Sasha, 30 ans, se lève par une belle journée d’été. Après sa journée de travail, alors qu’elle est sur le chemin du retour, elle s’effondre à terre inanimée. La mort vient de la faucher. Sa sur Zoé et son petit ami Lawrence doivent alors faire face…

Mikhaël Hers nous avait déjà gratifié d’un premier long-métrage quelque peu pesant, à force de ne rien raconter d’autre que le quotidien de petites vies sans grand intérêt, avec "Memory Lane". On avait surtout retenu la beauté de certains plans, des choix musicaux intéressants, des lumières qui mettaient parfaitement en valeur de jeunes comédiens pleins d’espoir dans le cinéma français… Ce qu’on constate avec son deuxième film, c’est que Mikhaël Hers n’a pas changé d’une ligne la vision de son cinéma ! Et avec elle, on retrouve dans "Ce sentiment de l’été" toutes ses qualités et malheureusement tous ses défauts.

Car Mikhaël Hers n’est pas un mauvais réalisateur. Il a juste un gros problème avec la narration de ses films. On appréciera donc de nombreuses scènes, avec quelques envolées bienvenues, parfois même des moments de grâce comme on aimerait en voir plus souvent. Il exploite ainsi au mieux les balades entre amis ou celles entre une mère et son enfant, captant merveilleusement la lumière au passage. Ses comédiens sont parfaits dans la retenue, les non-dits, la gêne, les troubles, Anders Danielsen Lie et Judith Chemla en tête. Ces deux-là nous interpellent rapidement quand, après le décès de sa petite copine, Lawrence est tourmenté par la sœur en qui il voit de troublantes ressemblances.

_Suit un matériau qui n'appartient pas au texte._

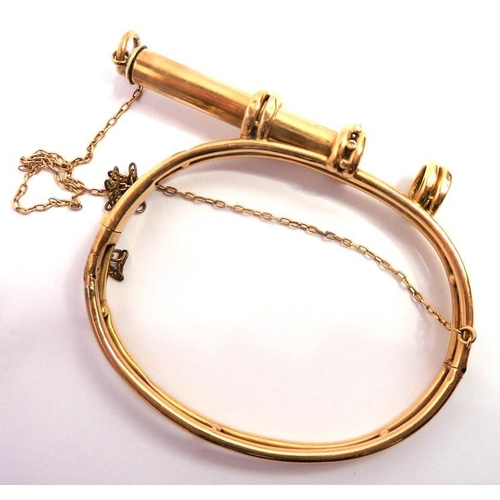 365 - A Victorian yellow-gold pencil hinged bangle, the two bands conjoined at the top with a detachable p... 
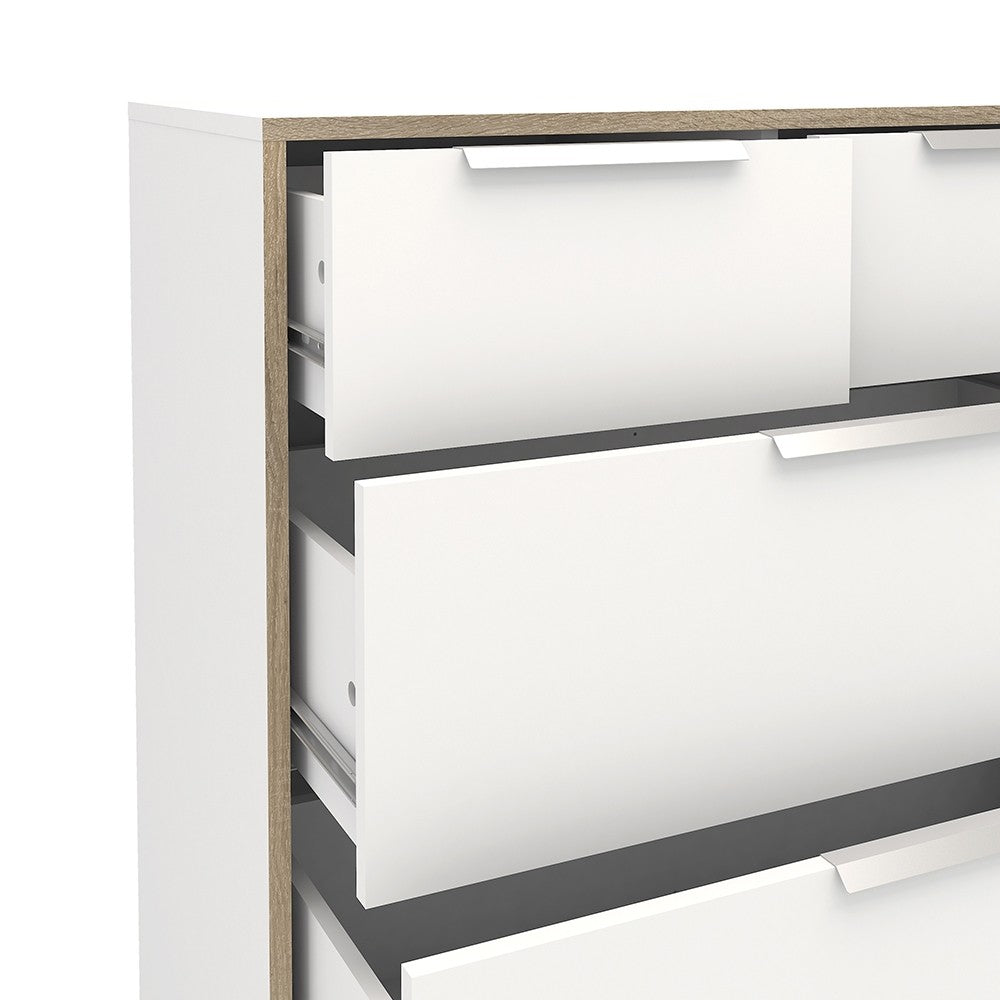 Line Chest of 5 Drawers (2+3) in White and Oak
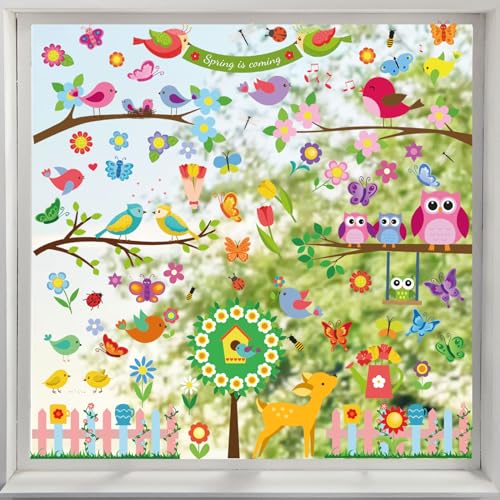 Hianjoo Fensterbilder Frühling Deko, Niedlich Fensterbilder Selbstklebend, Fensterfolie Fensterdeko, Fenstersticker für Kinderzimmer Party Deko, Fensteraufkleber Wiederverwendbare von Hianjoo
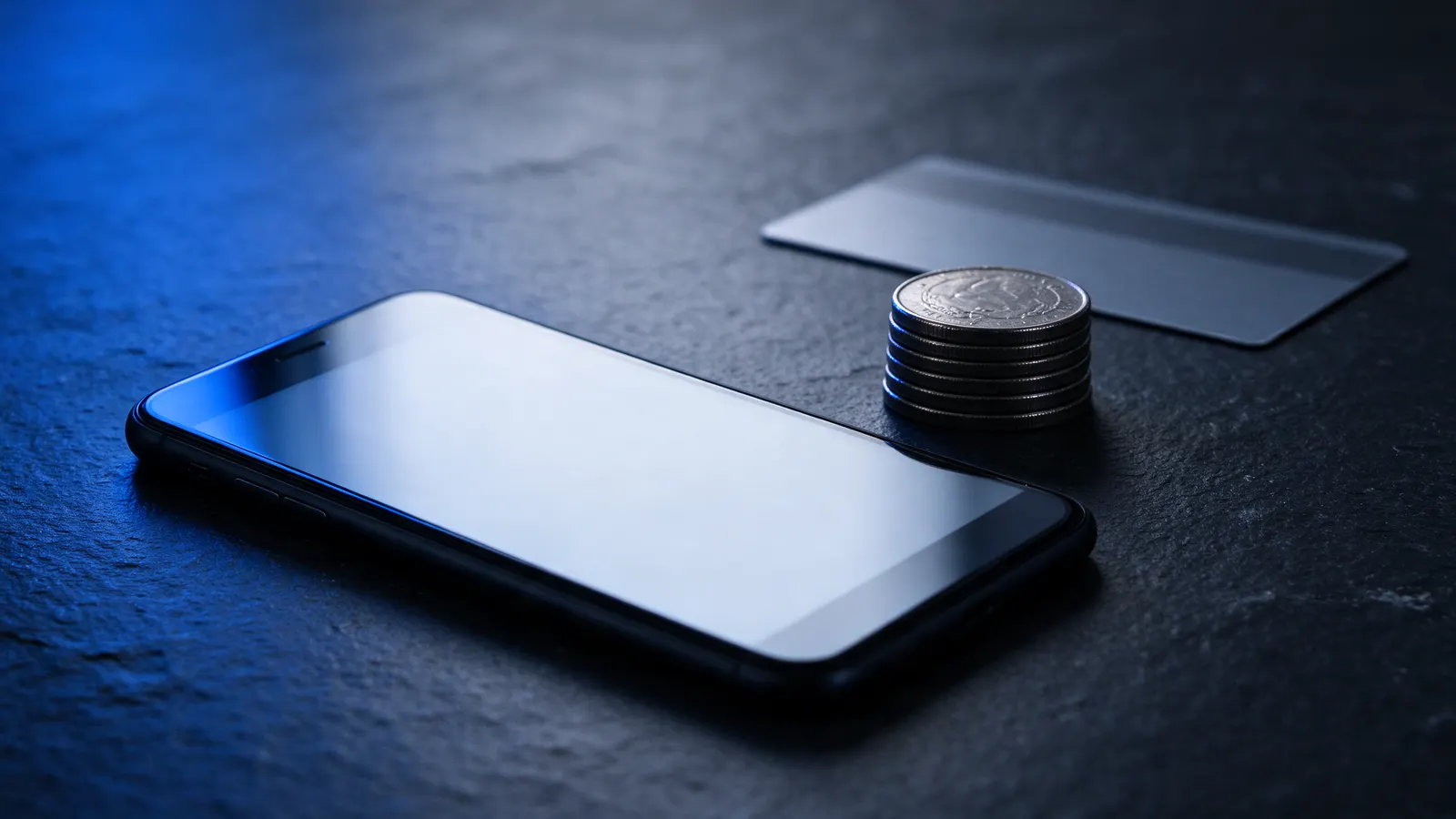 Celular con la pantalla apagada sobre una mesa de piedra oscura, junto a una pila de monedas y una tarjeta, bajo luz azul lateral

Malheureusement, la narration est encore une fois le principal défaut du film (devant le montage, parfois raté). Les scénaristes, pense-t-on, nous mènent vers une histoire sentimentale assez évidente, puis nous perdent, changent de trajectoire, pour nous reprendre sur le chemin initialement prévu, avant d’abandonner cette piste définitivement… On ne sait jamais vraiment ce que l’on veut nous raconter si ce n’est que la vie est aussi compliquée que les sentiments. Le film pouvait bénéficier d’un fort capital sympathie pour avoir eu l’audace de ne pas céder à la facilité d’un récit et d’une histoire toute tracée. Il n’en est rien, entre chaque séquence moteur du film, il ne se passe rien, c’est l’atonie du cinéma. On sort de là frustré, avec la sensation d’avoir raté un grand film, d’être passé à côté d’une belle histoire que James Gray aurait sans aucun doute aimée et magnifiée.